Despite recent court setbacks and the ire of the music industry’s largest demographic, the Recording Industry Association of America (RIAA) has vowed to continue suing those who commit copyright violations. On Jan. 21st, the association followed through on its threat and launched 532 lawsuits.
“Our campaign against illegal file sharers is not missing a beat,” said Cary Sherman, president of the RIAA, in a recent press release. “The message to illegal file sharers should. be as clear as ever — we can and will continue to bring lawsuits on a regular basis against those who illegally distribute copyrighted music.”
Last September, the association lost a case in which Verizon held that the RIAA was violating their customers’ privacy by forcing the company to hand over customer names without court oversight.
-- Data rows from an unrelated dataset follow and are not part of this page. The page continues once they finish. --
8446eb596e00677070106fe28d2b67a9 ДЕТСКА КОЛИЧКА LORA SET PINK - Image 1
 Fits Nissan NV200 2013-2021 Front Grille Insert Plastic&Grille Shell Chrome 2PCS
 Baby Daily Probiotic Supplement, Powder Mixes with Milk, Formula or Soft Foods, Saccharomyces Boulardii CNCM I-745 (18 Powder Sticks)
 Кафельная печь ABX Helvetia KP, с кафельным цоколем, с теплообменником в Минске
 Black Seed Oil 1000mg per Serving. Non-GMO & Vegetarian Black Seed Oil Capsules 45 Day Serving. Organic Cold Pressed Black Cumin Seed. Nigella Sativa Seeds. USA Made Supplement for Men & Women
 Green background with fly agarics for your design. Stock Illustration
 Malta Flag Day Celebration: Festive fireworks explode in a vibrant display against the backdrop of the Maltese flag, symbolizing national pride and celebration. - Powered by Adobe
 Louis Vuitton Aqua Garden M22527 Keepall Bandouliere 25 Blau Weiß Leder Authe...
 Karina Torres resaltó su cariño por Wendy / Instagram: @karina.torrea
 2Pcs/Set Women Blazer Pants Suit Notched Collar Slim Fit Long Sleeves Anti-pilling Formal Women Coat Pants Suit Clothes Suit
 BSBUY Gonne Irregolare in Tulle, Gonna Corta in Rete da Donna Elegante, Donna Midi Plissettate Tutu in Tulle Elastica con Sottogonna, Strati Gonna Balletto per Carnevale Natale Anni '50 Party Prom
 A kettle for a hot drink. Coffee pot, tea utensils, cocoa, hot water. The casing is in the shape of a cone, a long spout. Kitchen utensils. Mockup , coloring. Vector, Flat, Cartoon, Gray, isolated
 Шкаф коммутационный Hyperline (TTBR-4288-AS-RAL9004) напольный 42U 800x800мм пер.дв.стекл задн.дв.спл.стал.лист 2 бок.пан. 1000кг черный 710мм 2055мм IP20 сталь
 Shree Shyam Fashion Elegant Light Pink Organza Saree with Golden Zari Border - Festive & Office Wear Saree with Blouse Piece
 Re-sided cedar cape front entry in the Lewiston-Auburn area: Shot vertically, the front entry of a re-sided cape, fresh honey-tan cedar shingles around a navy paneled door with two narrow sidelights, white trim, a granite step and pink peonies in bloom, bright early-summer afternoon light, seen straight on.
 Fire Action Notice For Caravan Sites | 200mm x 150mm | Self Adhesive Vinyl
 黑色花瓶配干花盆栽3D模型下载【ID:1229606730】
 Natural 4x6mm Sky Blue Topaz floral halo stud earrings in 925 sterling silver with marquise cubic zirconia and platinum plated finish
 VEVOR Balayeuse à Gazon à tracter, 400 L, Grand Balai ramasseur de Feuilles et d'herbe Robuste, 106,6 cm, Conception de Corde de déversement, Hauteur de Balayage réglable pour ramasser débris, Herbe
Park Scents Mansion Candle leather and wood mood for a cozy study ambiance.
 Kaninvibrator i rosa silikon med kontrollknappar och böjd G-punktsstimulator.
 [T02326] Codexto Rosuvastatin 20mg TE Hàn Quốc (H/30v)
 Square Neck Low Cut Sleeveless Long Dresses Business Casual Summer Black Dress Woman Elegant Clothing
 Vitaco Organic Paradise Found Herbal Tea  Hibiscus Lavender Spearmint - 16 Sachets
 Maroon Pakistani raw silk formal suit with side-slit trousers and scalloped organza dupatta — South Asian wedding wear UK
Now, the RIAA must first issue “John Doe” suits, which contain the offending internet protocol numbers.
They are thus required to show evidence that infringement has occurred before they can subpoena the names from the internet service provider and then proceed with the suit. “The process by which we obtain the identity of defendants has changed,” Sherman said, “but the enforcement program has not.”
On campus, however, many remain undeterred in their downloading activities.
“As far as I know,” said Lenny Lantsman ’07, “they can’t prosecute you unless you share. So I download, but I don’t share. And even if that’s not the case, I’m not really concerned because the chances of me being sued are very small.”
Tracy Mitrano, director of information technology policy and computer law policy, said that she was unaware of any lawsuits by the RIAA against a Cornell student, though she could not verify that. However, she also cautioned that students could receive judicial punishment from the school if the university was informed that students were committing copyright violation.
Judicial Administrator Mary Beth Grant confirmed this.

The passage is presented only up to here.